:: YOUR ASSIGNMENT ::
Give an exact copy of the data that follows, but none of its pictures.

- - - - -

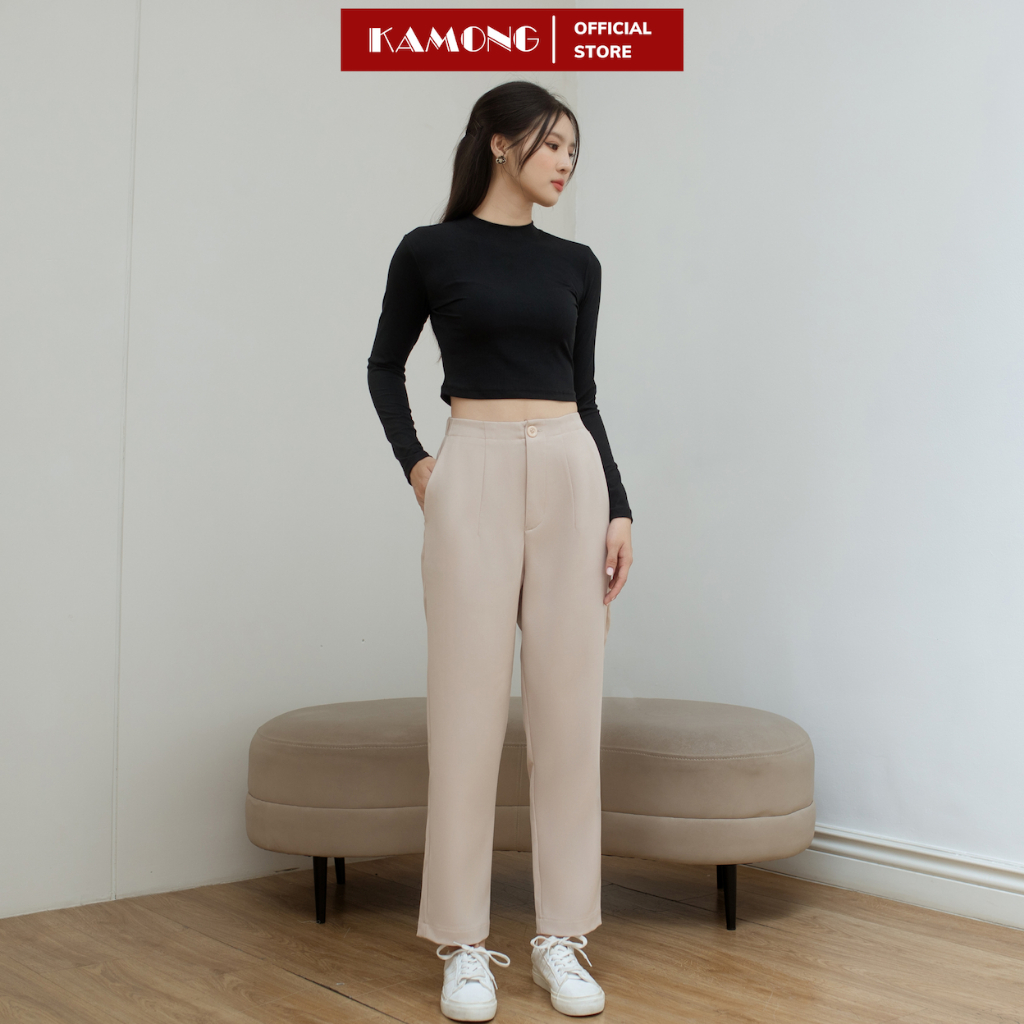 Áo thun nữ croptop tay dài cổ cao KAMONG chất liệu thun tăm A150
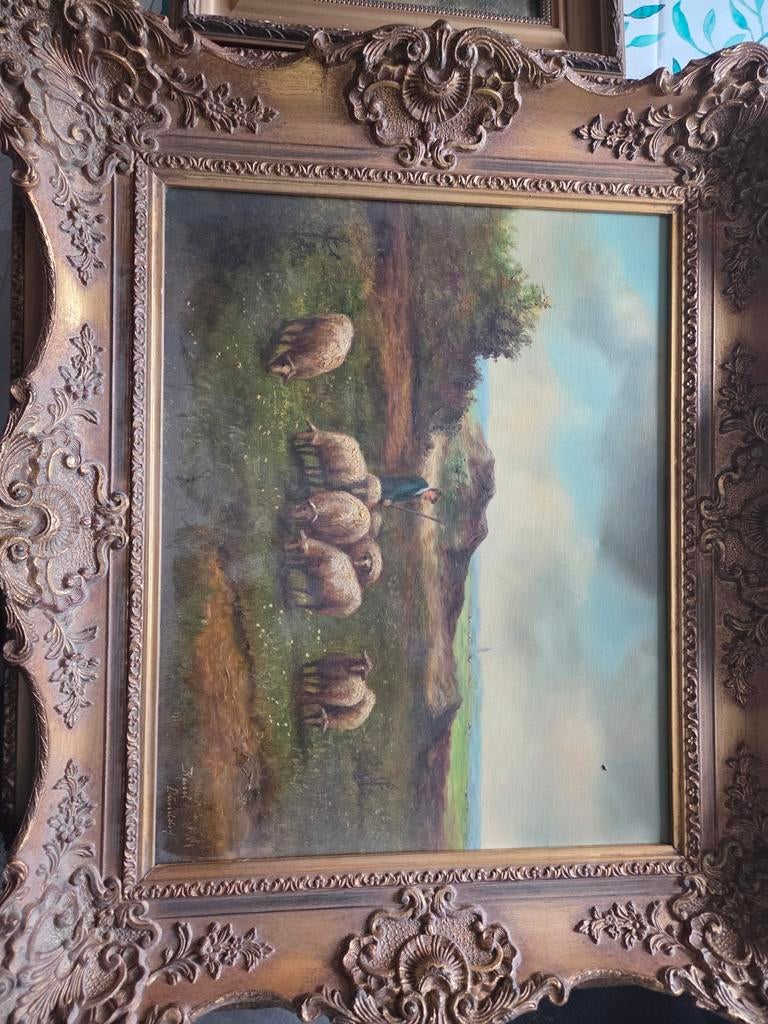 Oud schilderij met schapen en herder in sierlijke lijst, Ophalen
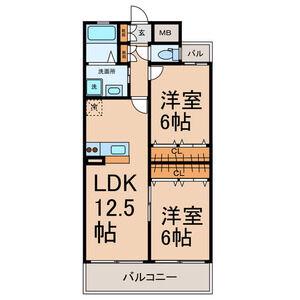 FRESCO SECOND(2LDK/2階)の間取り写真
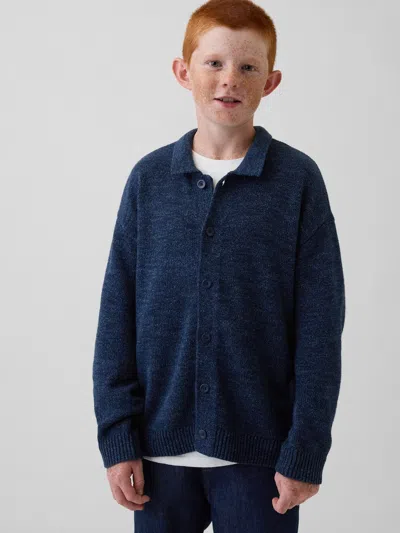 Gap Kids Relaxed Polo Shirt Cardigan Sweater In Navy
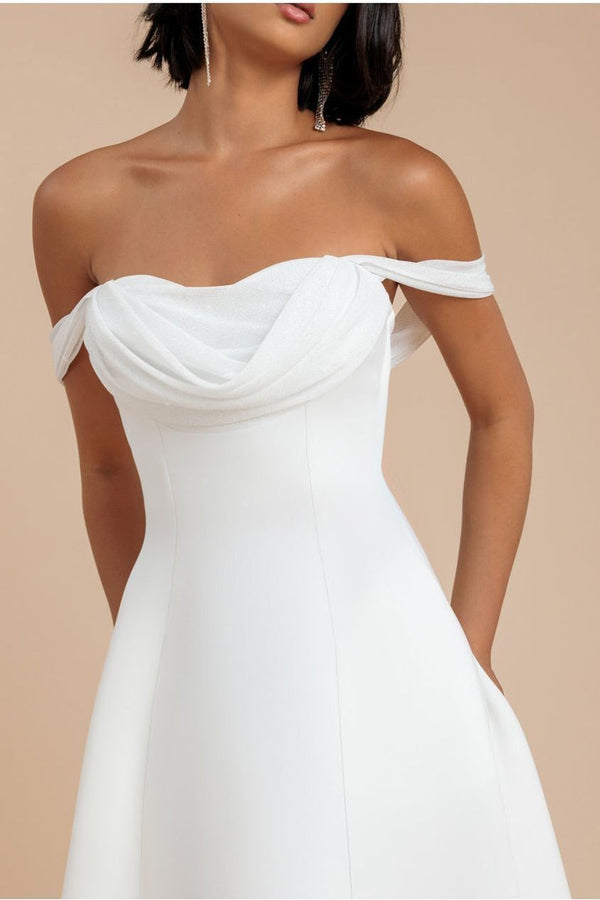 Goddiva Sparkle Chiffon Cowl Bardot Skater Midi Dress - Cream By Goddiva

- - - - -

:: ANSWER BOX ::
 Áo thun nữ croptop tay dài cổ cao KAMONG chất liệu thun tăm A150
 Oud schilderij met schapen en herder in sierlijke lijst, Ophalen
 FRESCO SECOND(2LDK/2階)の間取り写真
 Gap Kids Relaxed Polo Shirt Cardigan Sweater In Navy
 Goddiva Sparkle Chiffon Cowl Bardot Skater Midi Dress - Cream By Goddiva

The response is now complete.